Ele observou em seu relatório anual de 2023 que esperava que tais condições climáticas se tornassem mais frequentes “devido às mudanças climáticas”.
Neil Rosser, diretor e consultor de commodities especializado em café na Bison Luxley Commodities, observou que, embora o Arábica seja normalmente a força dominante no café, este ano são os custos crescentes do Robusta que estão elevando o preço geral do café.
“Há uma batida de tambor no fundo que é a mudança climática, e isso está causando problemas”, ele disse. “Isso afetará a estabilidade do mercado e não vai desaparecer por muito tempo.”
Qual é o real significado disso para o mercado do café?
Os varejistas de café já estão sentindo a pressão.
A fabricante de café italiana Lavazza disse à CNN em uma declaração que aumentou os preços este ano por uma variedade de razões.
“Uma combinação de colheitas ruins, mudanças climáticas, a guerra na Ucrânia, conflito no Mar Vermelho, a intervenção de especuladores e o dólar forte criou uma ‘tempestade perfeita’ para a indústria do café que viu os preços dispararem desde a pandemia”, disse a empresa.
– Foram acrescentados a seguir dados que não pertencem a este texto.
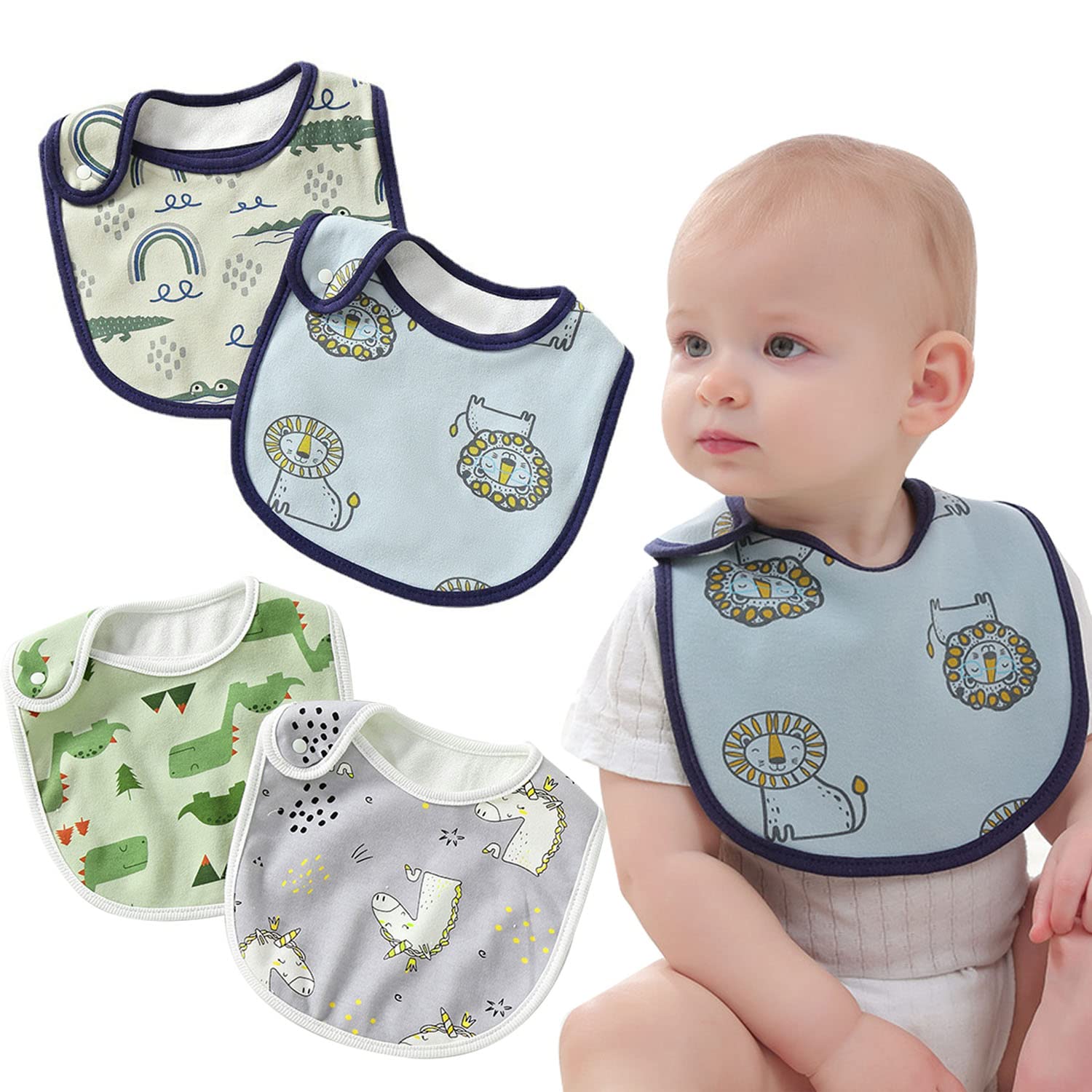 Baby Bibs Waterproof Muslin 4 Packs Super Absorbent Drool Toddler Bibs Set Teething Bibs Burp Cloths Travel Terry Drool Bib for Toddler Boys Girls Newborn and Infant, One Size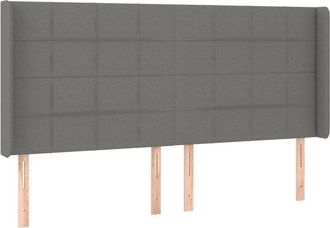 vidaXL Cabecero Con Led De Tela Gris Oscuro 203x16x118/128 Cm Vidaxl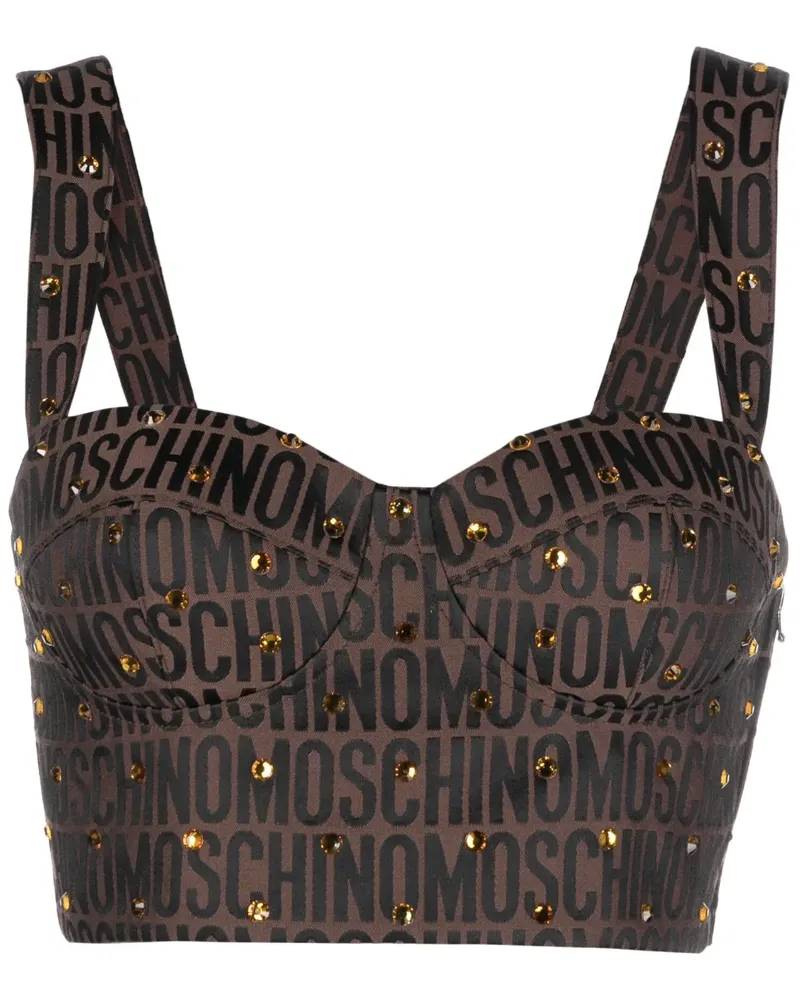 Moschino Bluse mit Kristallen - Braun Braun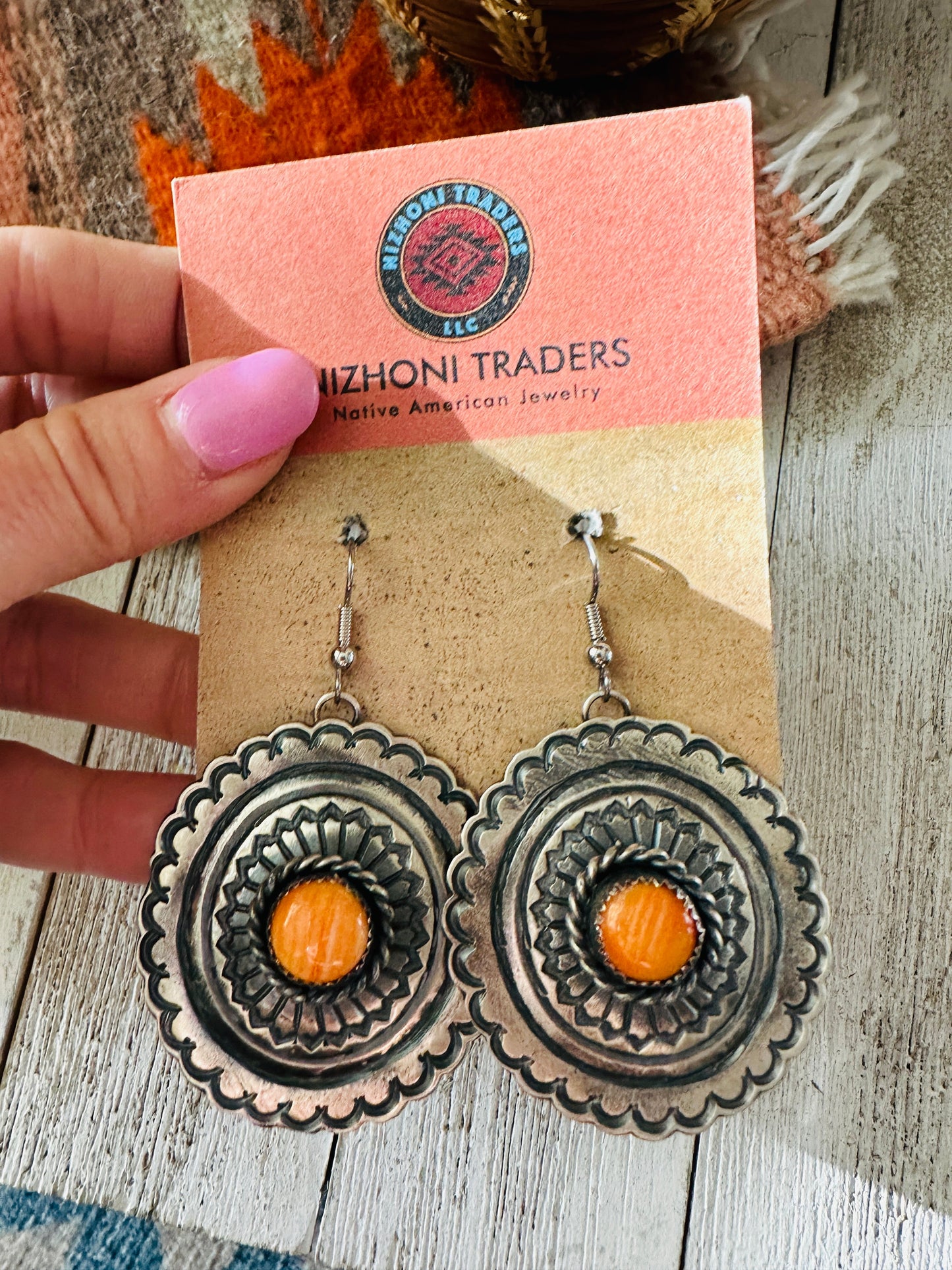 Handcrafted Orange Spiny and Sterling Silver Concho Dangle Earrings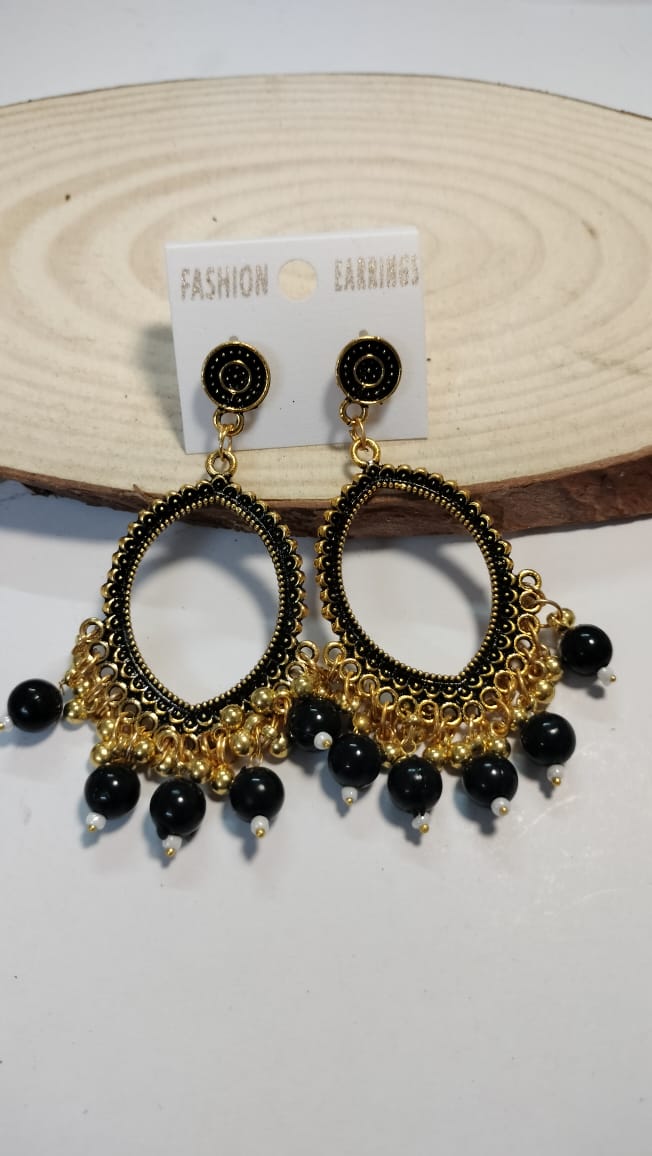 Golden Jhumka With Beads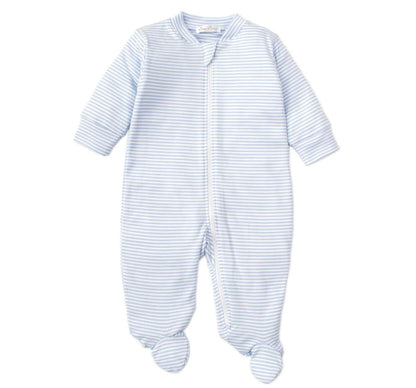 Stripes Footie w/ Zip Light Blue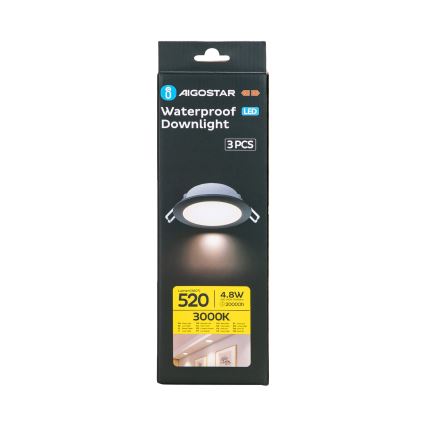 Aigostar - SADA 3x LED Vonkajšie podhľadové svietidlo LED/4,8W/230V 3000K IP65 čierna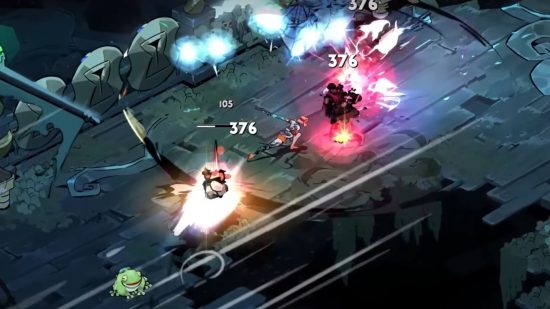 Hades 2 weapons - Sister Blades in combat hitting two enemies at once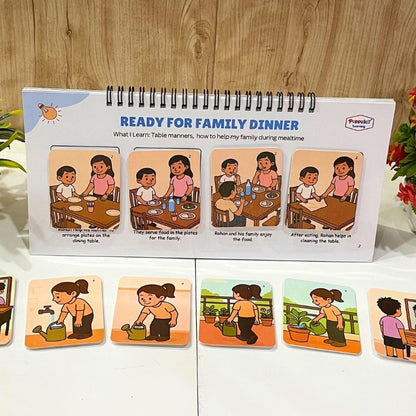 Household - Set of 3 Sequencing Story Books (Laminated) with Cards - 3 Steps, 4 Steps, 5 Steps Books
E o presidente da empresa, Giuseppe Lavazza, disse em comentários relatados pelo Financial Times em junho que ele previa que o preço do café de supermercado no Reino Unido aumentaria em mais 10%.
Enquanto isso, a Nestlé, dona da Nescafé, atribuiu uma queda em sua margem de lucro de 2023 a um aumento nos custos da Robusta.
A empresa relatou em junho que estava enfrentando um ambiente de preços mais desafiador, já que os consumidores preocupados com o orçamento se afastaram após aumentos de preços anteriores. A Nestlé se recusou a comentar para esta reportagem.
Os fãs do Starbucks, por outro lado, provavelmente não verão um preço mais alto em suas bebidas ainda, já que a empresa compra café com bastante antecedência, usando o que é conhecido como contratos de preço fixo.
Nos quais ela concorda em comprar café a um determinado preço por um longo período de tempo, e emprega estratégias de hedge para fixar os preços, protegendo os clientes das oscilações do mercado.
“Se houver um pico nos preços do café, empresas como a Starbucks podem simplesmente esperar o pico por um tempo, porque elas têm muitos contratos de preço fixo em mãos e muito café já em mãos”, disse Sharon Zackfia, chefe de pesquisa de patrimônio do consumidor e analista de restaurantes da William Blair.
Mas mesmo assim, Rosser diz que se os custos continuarem altos, pagar por uma xícara de café mais cara será inevitável.
“Os torrefadores gostam de manter o preço de varejo estável. Eles não gostam de aborrecer seus consumidores. Mas às vezes é impossível se o preço sobe muito”, ele disse.
Apesar dos aumentos de preços, há uma coisa que os especialistas podem ter certeza: a demanda por café não vai diminuir tão cedo.
“Eu diria que não há alternativas ao café. Se você toma seu café todas as manhãs, então você toma seu café todas as manhãs”, disse Delany.
“Sejam os preços desse café US$ 3 ou US$ 1, você não está mudando o número de cafés que está tomando pela manhã com base nesse preço.”